Please restate the listing word for word, omitting the images.

- _Record set_
──────────────────────────────

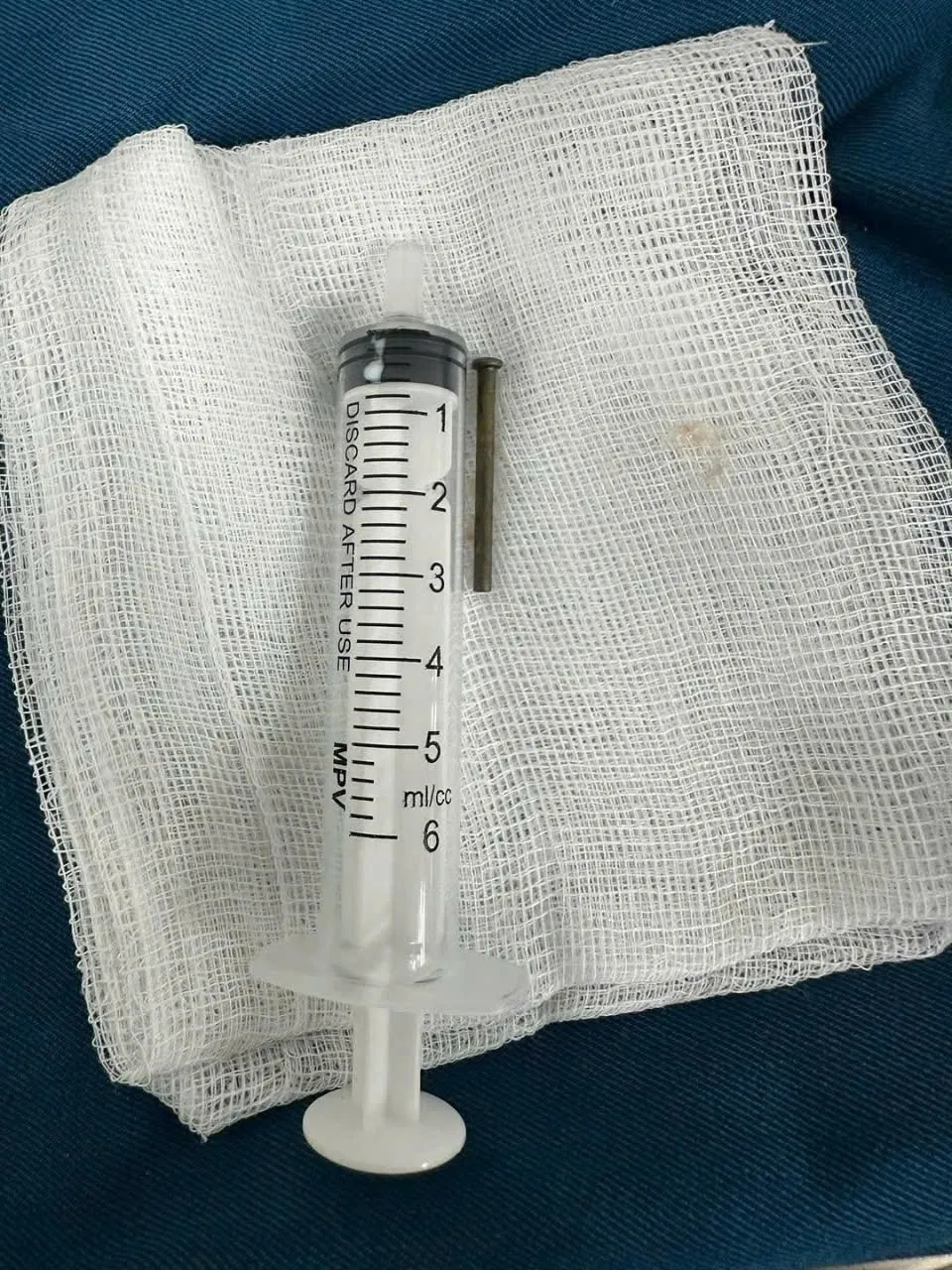 Gắp cây đinh sắt 3cm trong tá tràng bé trai 6 tuổi ở Quảng Ngãi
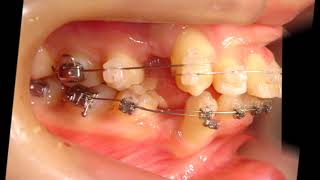 Orthodontic libraryHK Dental crowding Protruding teeth Chart No4730 [upl. by Aniham]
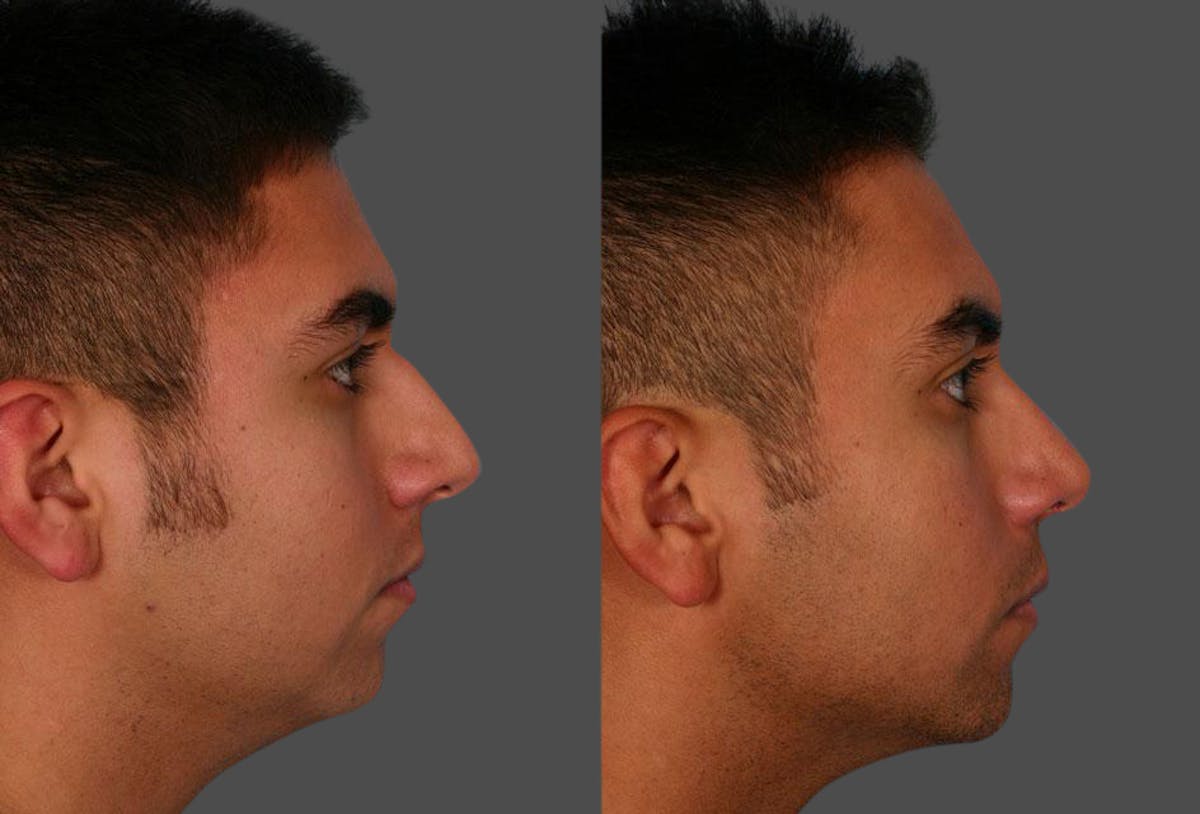 Nasal Obstruction Before & After Gallery - Patient 151758 - Image 2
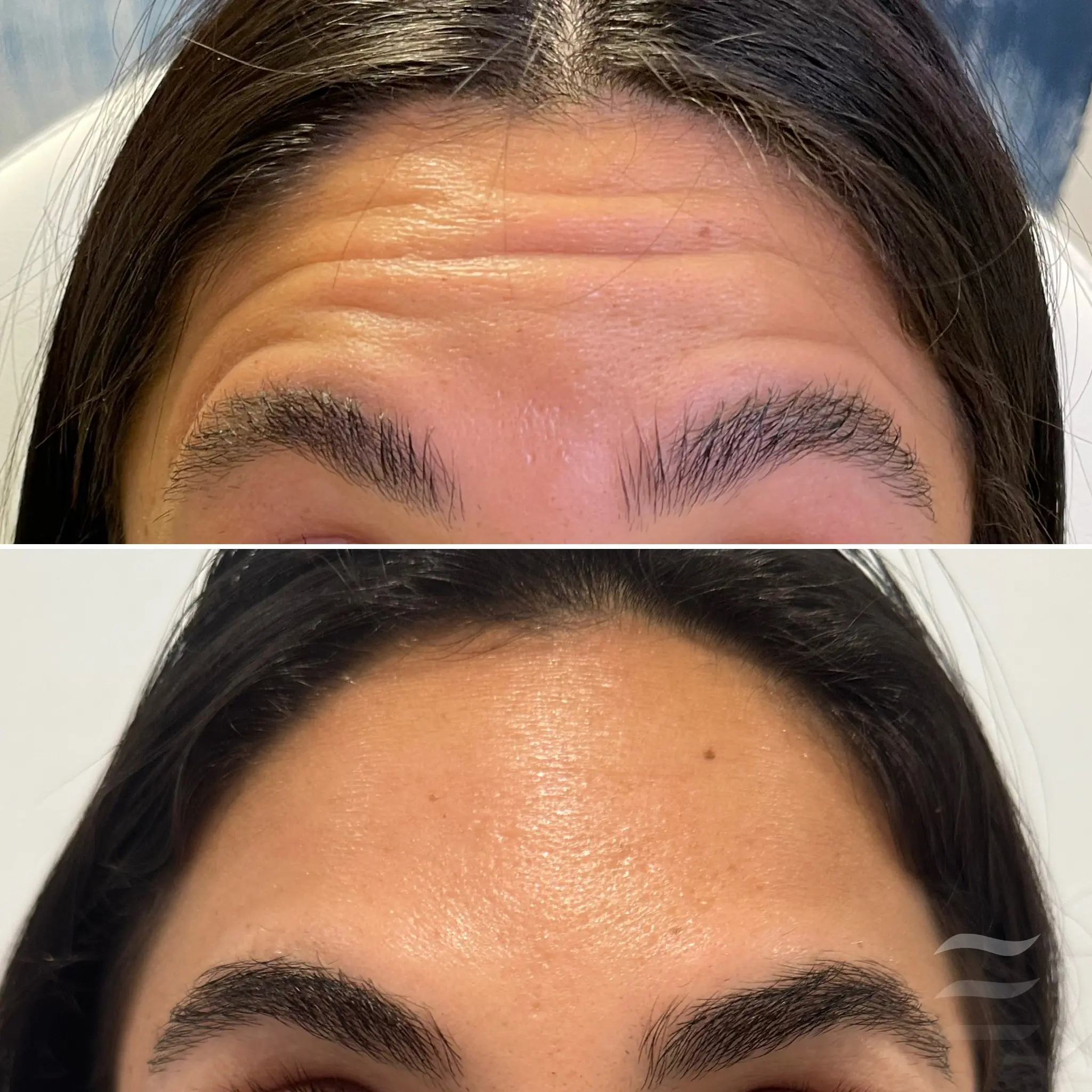 Forehead Lines Botox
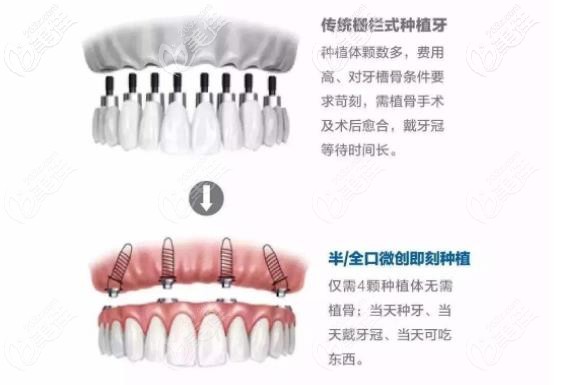 传统种植牙和即刻种植区别 传统种植牙和即刻种植区别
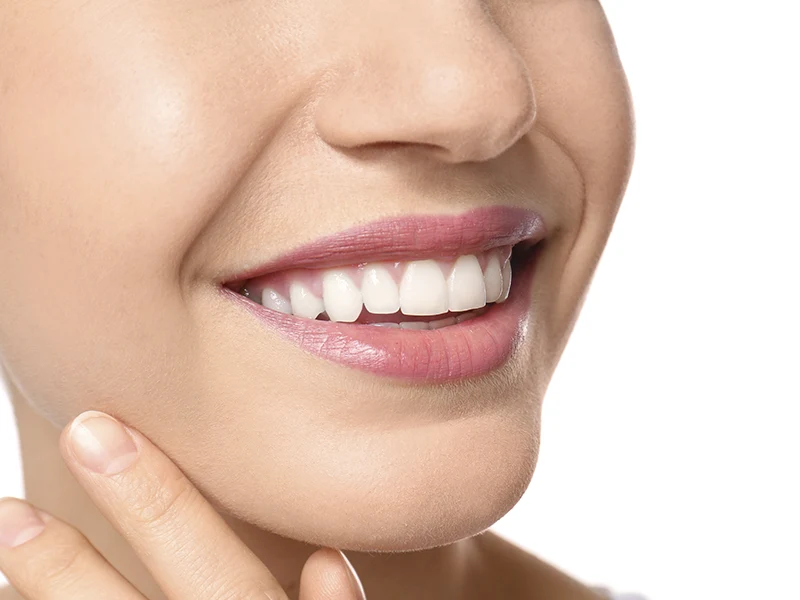 Sonrisa con blanqueamiento dental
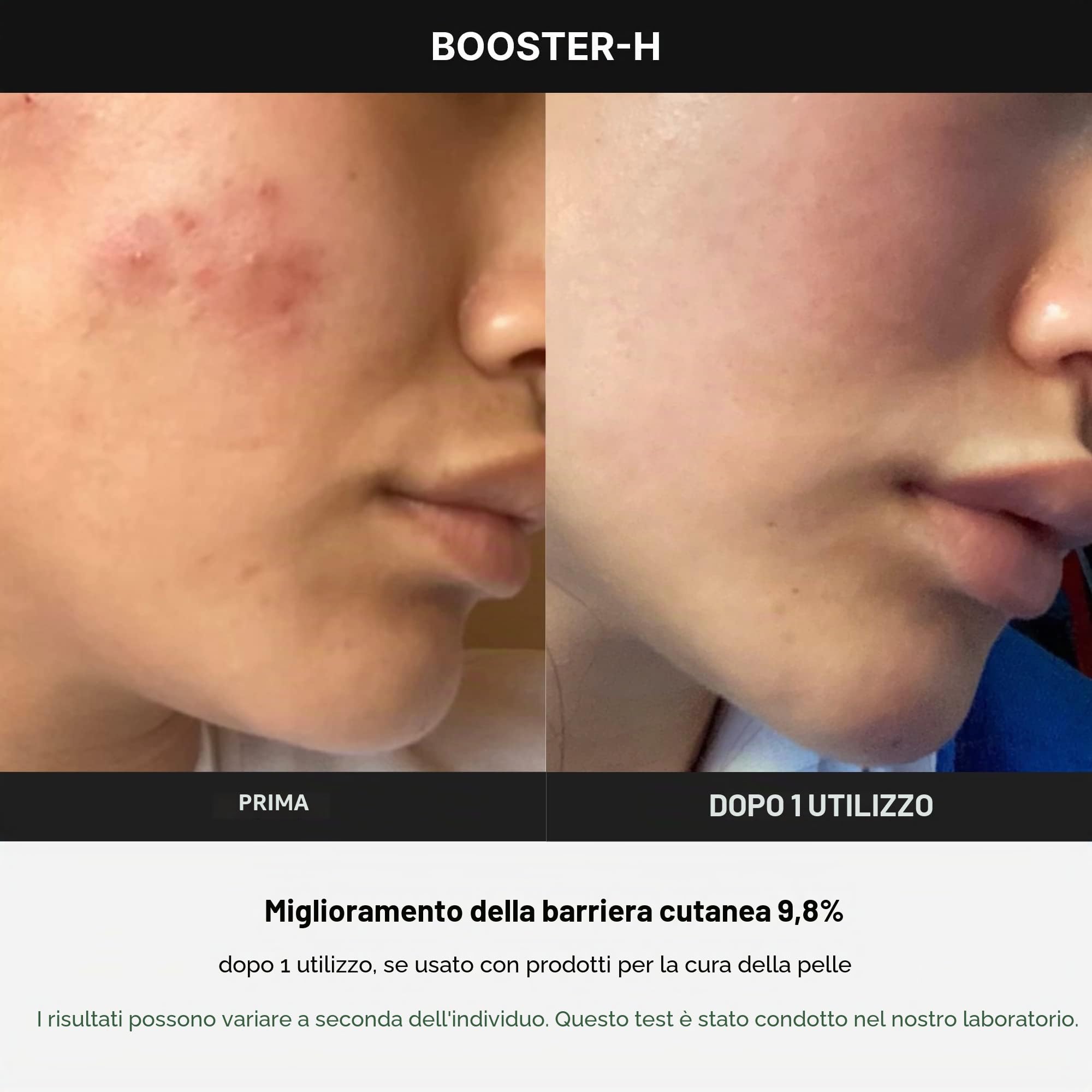 Medicube Age-R Booster H - Dispositivo coreano No.1 per la cura della pelle, booster luminosità facciale senza aghi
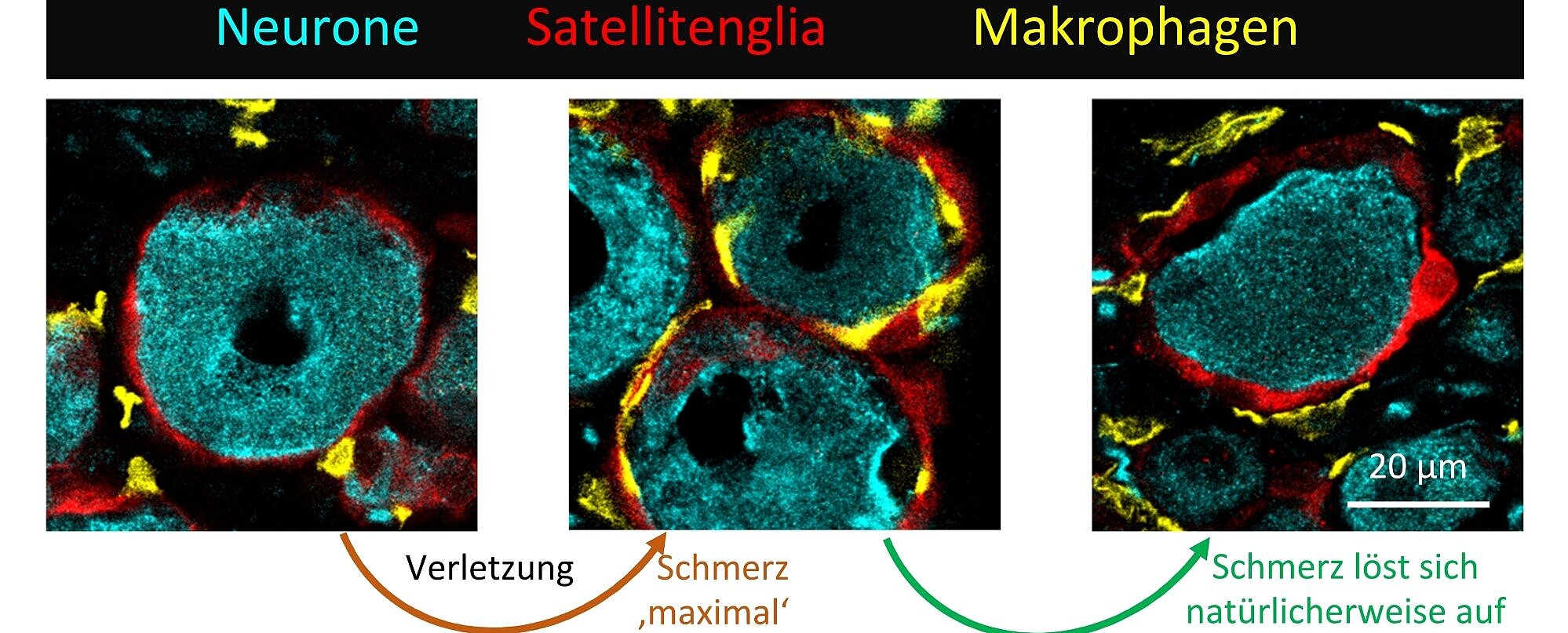 Drei mikroskopische Bilder, die die Studie zusammenfassen - von der Verletzung in den Schmerz und Schmerzauflösung. Makrophagen besetzen Raum zwischen Neuron und Gliazelle und verlassen den Raum bei der Schmerzauflösung wieder.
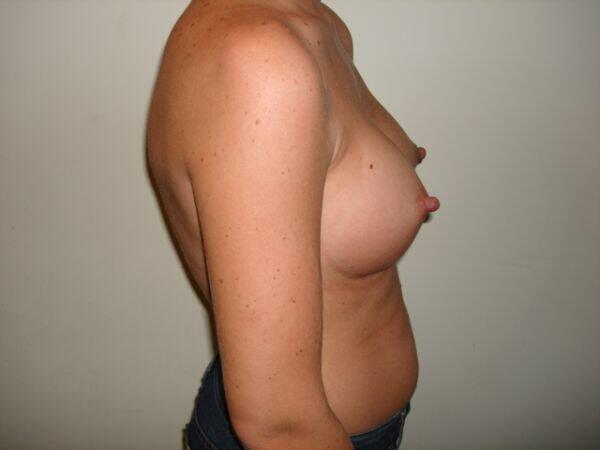 Breast Augmentation Before & After Image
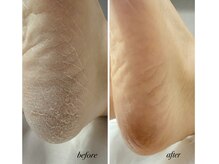 かたい足裏。ガサガサかかとをツルスベふっくら足へ♪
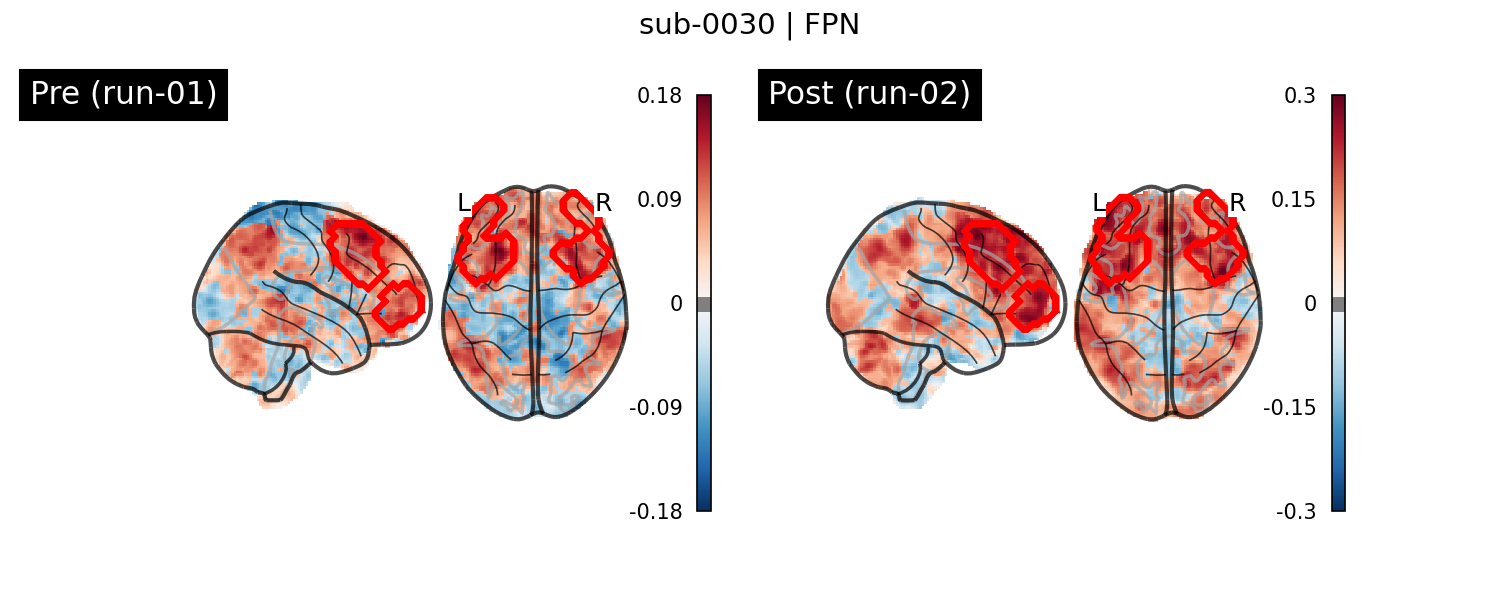 sub-0030_FPN_run-comparison.png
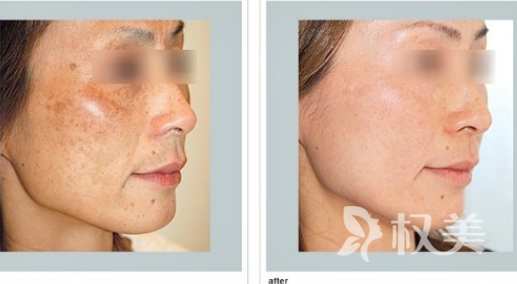 祛斑治疗有哪些食物疗法 光子去斑有效改善肤质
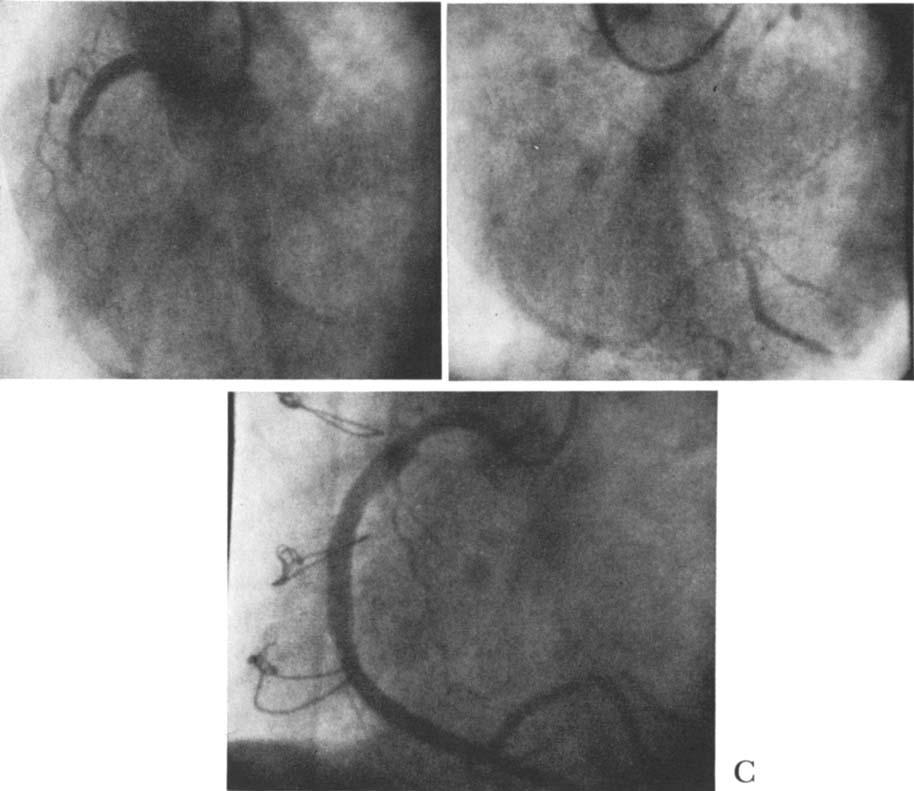 FAVALORO FIG. 5. Coronary angiogram of a 55-year-old Caucasian woman with total occlusion of the right coronary artery (A).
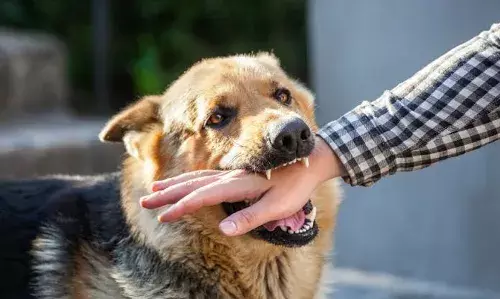 Hyderabad: Bank credit card recovery executive injured after customer sets dog on him; case registered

──────────────────────────────

- _Result of the task_
 Gắp cây đinh sắt 3cm trong tá tràng bé trai 6 tuổi ở Quảng Ngãi
 Orthodontic libraryHK Dental crowding Protruding teeth Chart No4730 [upl. by Aniham]
 Nasal Obstruction Before & After Gallery - Patient 151758 - Image 2
 Forehead Lines Botox
 传统种植牙和即刻种植区别 传统种植牙和即刻种植区别
 Sonrisa con blanqueamiento dental
 Medicube Age-R Booster H - Dispositivo coreano No.1 per la cura della pelle, booster luminosità facciale senza aghi
 Drei mikroskopische Bilder, die die Studie zusammenfassen - von der Verletzung in den Schmerz und Schmerzauflösung. Makrophagen besetzen Raum zwischen Neuron und Gliazelle und verlassen den Raum bei der Schmerzauflösung wieder.
 Breast Augmentation Before & After Image
 かたい足裏。ガサガサかかとをツルスベふっくら足へ♪
 sub-0030_FPN_run-comparison.png
 祛斑治疗有哪些食物疗法 光子去斑有效改善肤质
 FAVALORO FIG. 5. Coronary angiogram of a 55-year-old Caucasian woman with total occlusion of the right coronary artery (A).
 Hyderabad: Bank credit card recovery executive injured after customer sets dog on him; case registered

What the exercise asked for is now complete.